---------- Provided data ----------

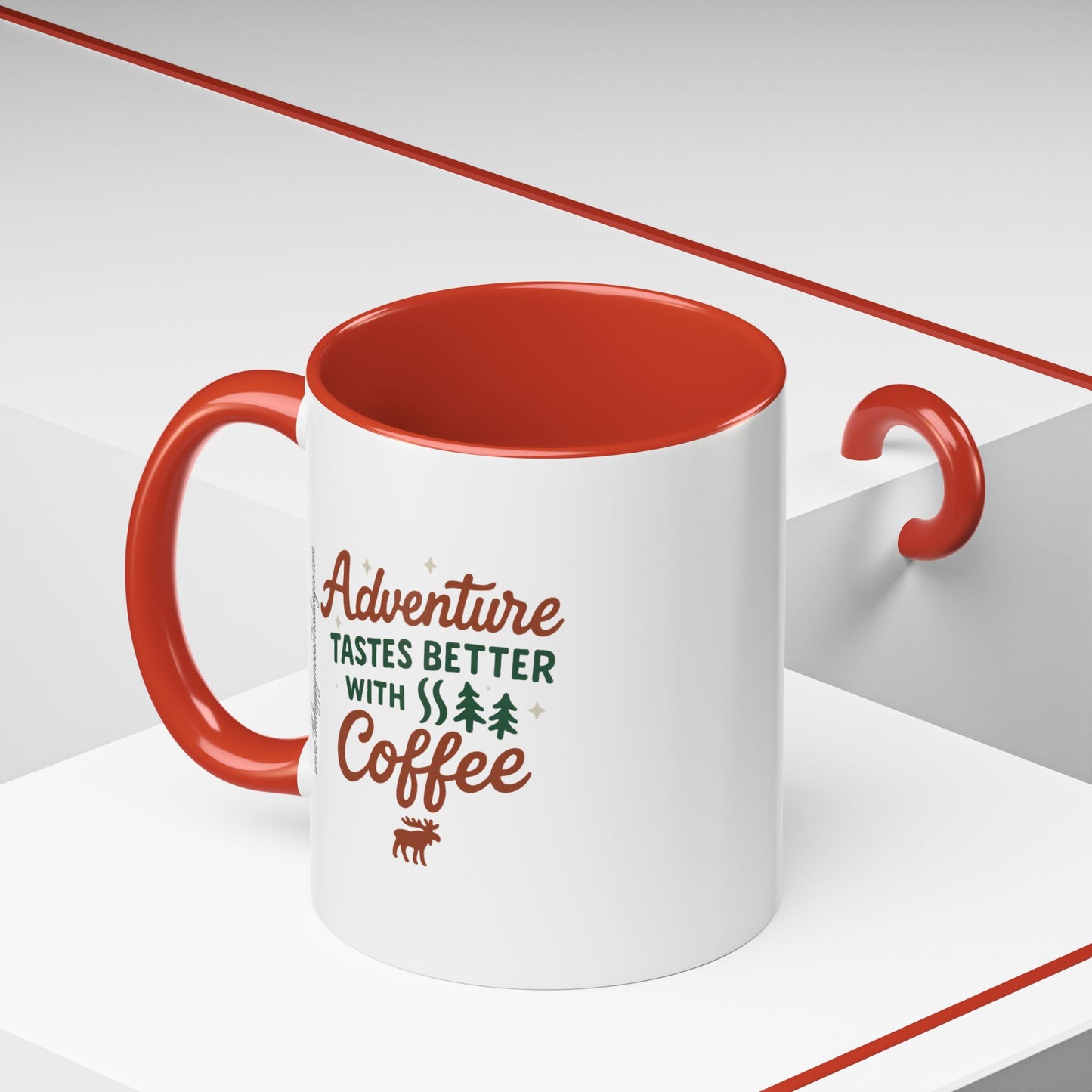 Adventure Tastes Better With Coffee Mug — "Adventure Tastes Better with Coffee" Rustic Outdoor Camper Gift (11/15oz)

----------
---------- Provided data ----------

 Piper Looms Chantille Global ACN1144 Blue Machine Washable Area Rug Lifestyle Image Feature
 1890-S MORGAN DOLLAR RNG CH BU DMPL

----------

Everything above from the line containing "Piper Looms Chantille" down to the line containing "1890-S MORGAN DOLLAR RNG CH BU DMPL" is to be transcribed exactly, with both of those lines included and nothing else added.

**Finished task:**
 Piper Looms Chantille Global ACN1144 Blue Machine Washable Area Rug Lifestyle Image Feature
 1890-S MORGAN DOLLAR RNG CH BU DMPL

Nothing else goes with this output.